Posted by on 20/09/2018

O que está em jogo é se a economia dos Estados Unidos e a economia dos países da Europa Ocidental vão terminar como as da Grécia, da Letônia e da Argentina – ou mesmo como a Roma Imperial.  Os neoliberais aplaudem o capitalismo financeiro vitorioso de hoje como o “fim da história.” Tal desfecho já ocorreu antes, no final da Antiguidade Clássica. Ele é lembrado como a Idade das Trevas. O progresso foi interrompido à medida que os credores e os latifundiários dominavam o resto da sociedade. O comércio sobreviveu somente entre aqueles que estavam no topo da pirâmide econômica. O sonho atual do “Fim da História” ameaça ocorrer de maneira análoga. Trata-se do poder relativo do grupo do um por cento mais rico.

Trecho do artigo “The Lehman 10th Anniversary Spin as a Teachable Moment” publicado em 18 de setembro pelo professor de economia da Universidade de Missouri, Michael Hudson

O percentual de famílias que relataram ter dívidas entre cheque pré-datado, cartão de crédito, cheque especial, carnê de loja, empréstimo pessoal, prestação de carro e seguro alcançou 60,7% em agosto de 2018, o que representa uma alta em relação ao patamar observado em julho de 2018 – a segunda alta mensal consecutiva. Entretanto, houve redução em relação a agosto de 2017, quando o indicador alcançou 61,2% do total de famílias.

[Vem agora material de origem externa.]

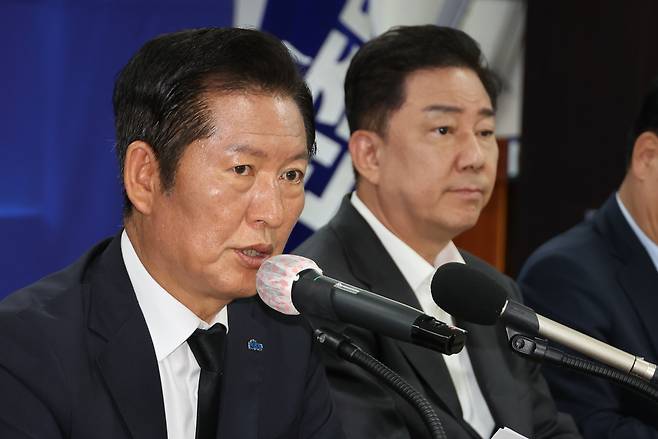 정청래 더불어민주당 대표가 8일 전남 무안군 민주당 전남도당에서 취임 후 첫 현장 최고위원회의를 열어 발언하고 있다. 연합뉴스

Trecho retirado da Pesquisa de Endividamento e Inadimplência do Consumidor de agosto de 2018, publicado pela CNC, a Confederação Nacional do Comércio de Bens, Serviços e Turismo

Lucius Domitius Ahenobarbus, vulgo Nero, imperador de Roma

    Prezados leitores, no artigo mencionado acima, Michael Hudson lembra o dia 15 de setembro de 2008, quando houve a falência do Banco Lehman Brothers no Estados Unidos, que desencadeou uma crise financeira. A solução encontrada pelo então Presidente Barack Obama, aconselhado pelo Secretário do Tesouro Tim Geithner, pelo Banco Central Americano e pelo Departamento de Justiça, foi um pacote de ajuda de 4,3 trilhões de dólares dado às instituições financeiras americanas, que lhes garantiu liquidez e disponibilidade de caixa para continuar emprestando. Não houve cancelamento de dívidas, não houve redução de juros ao consumidor e os bancos não tiveram que baixar as hipotecas tóxicas como prejuízo. Ao contrário, pelo fato de o juro cobrado pelo FED americano ser irrisório, 0,1%, isso lhes permitiu obter margens extraordinárias de lucro: 5-6% sobre hipotecas, 9% sobre empréstimos a estudantes; 11-29% no rotativo do cartão de crédito.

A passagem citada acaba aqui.